• **Assignment**
Would you retype the whole listing exactly, leaving its pictures out?

• **Records for the task**
****************************************
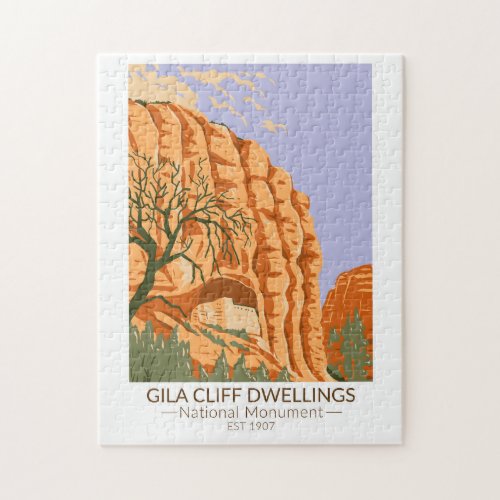 Gila Cliff Dwellings National Monument New Mexico Jigsaw Puzzle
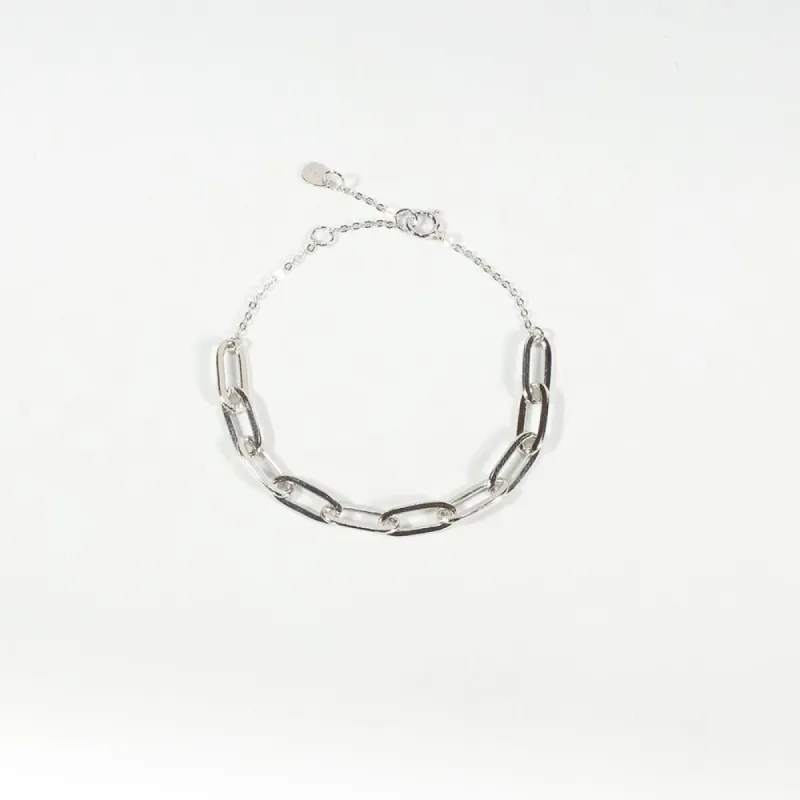 Small Paperclip & Chain Bracelet sold by Silver Lotus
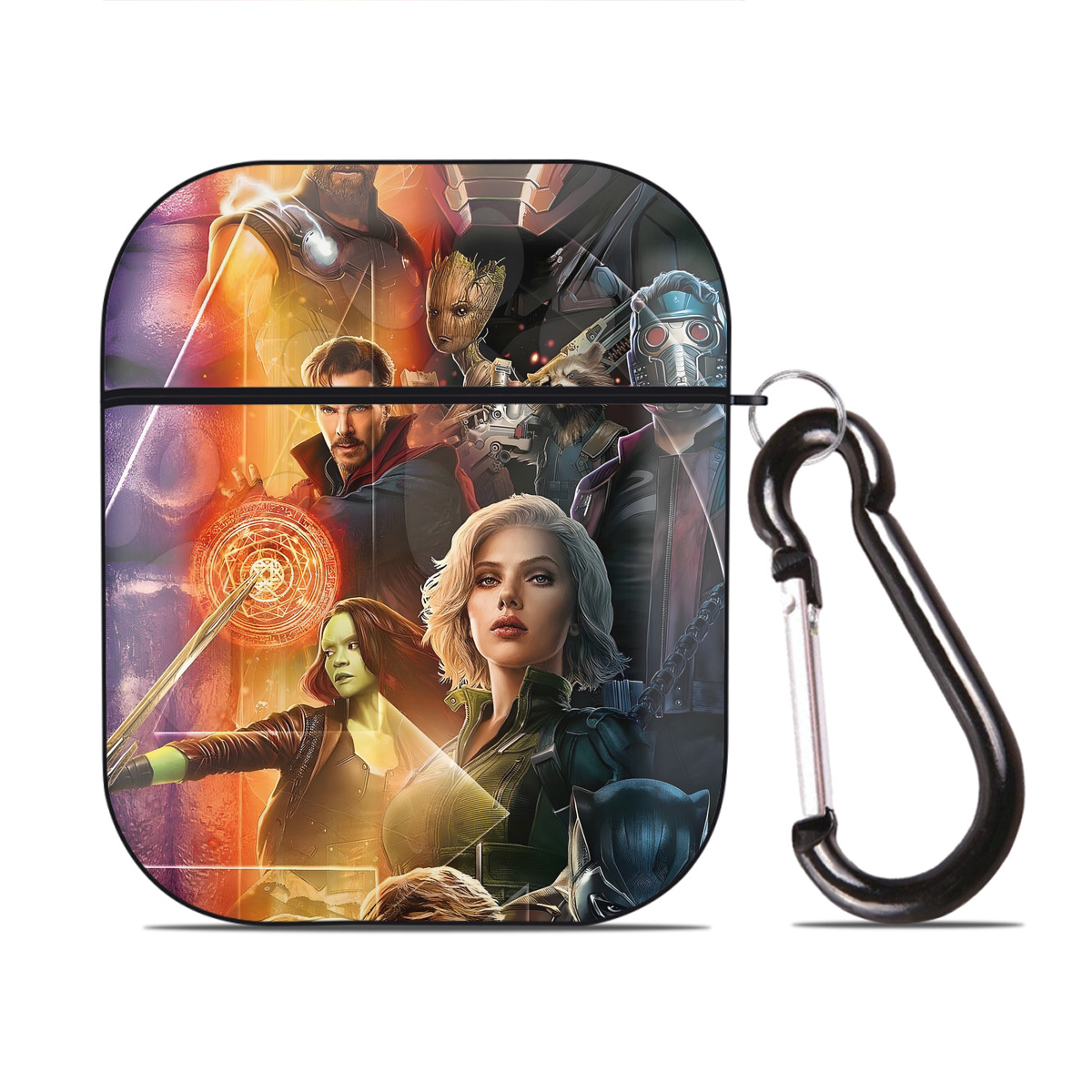 （画像用） アベンジャーズ The Avengers AirPods 第2世代保護ケース ハードシェル ブラック 耐衝撃・防指紋・カラビナ付き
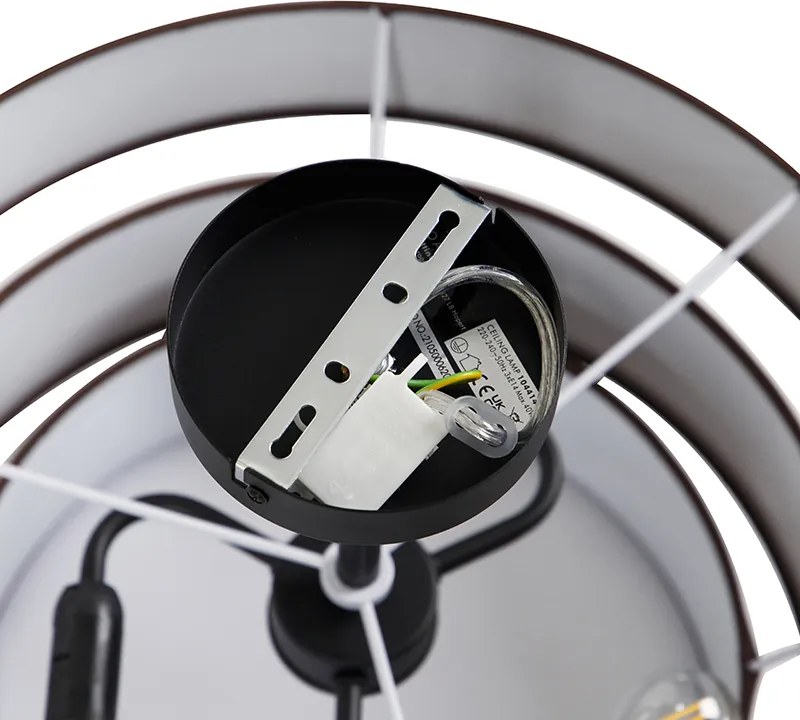 Модерна таванна лампа кафява 45 см 3-светлина - Drum Trio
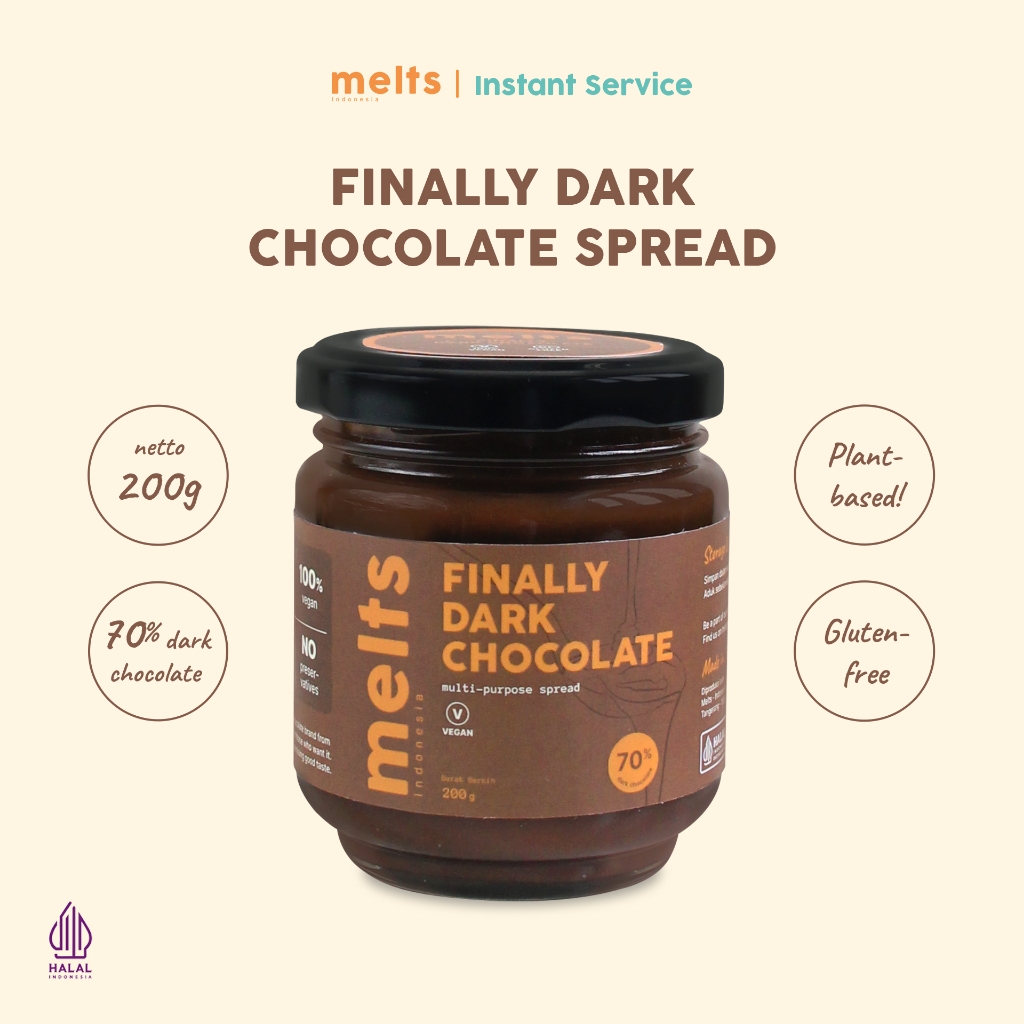 

Instant Service - Melts Finally Dark Chocolate Spread | Selai Cokelat Plant Based Vegan untuk Roti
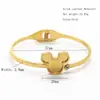 Desempaquetado Medieval Joyería Pegatina Pulsera de Cuero Oro 18K Acero de Titanio Lindo Mickey Pulsera con Ranura DIY Pulsera con Apertura de Diamante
****************************************
• **Answer to this task**
 Gila Cliff Dwellings National Monument New Mexico Jigsaw Puzzle
 Small Paperclip & Chain Bracelet sold by Silver Lotus
 （画像用） アベンジャーズ The Avengers AirPods 第2世代保護ケース ハードシェル ブラック 耐衝撃・防指紋・カラビナ付き
 Модерна таванна лампа кафява 45 см 3-светлина - Drum Trio

Instant Service - Melts Finally Dark Chocolate Spread | Selai Cokelat Plant Based Vegan untuk Roti
 Desempaquetado Medieval Joyería Pegatina Pulsera de Cuero Oro 18K Acero de Titanio Lindo Mickey Pulsera con Ranura DIY Pulsera con Apertura de Diamante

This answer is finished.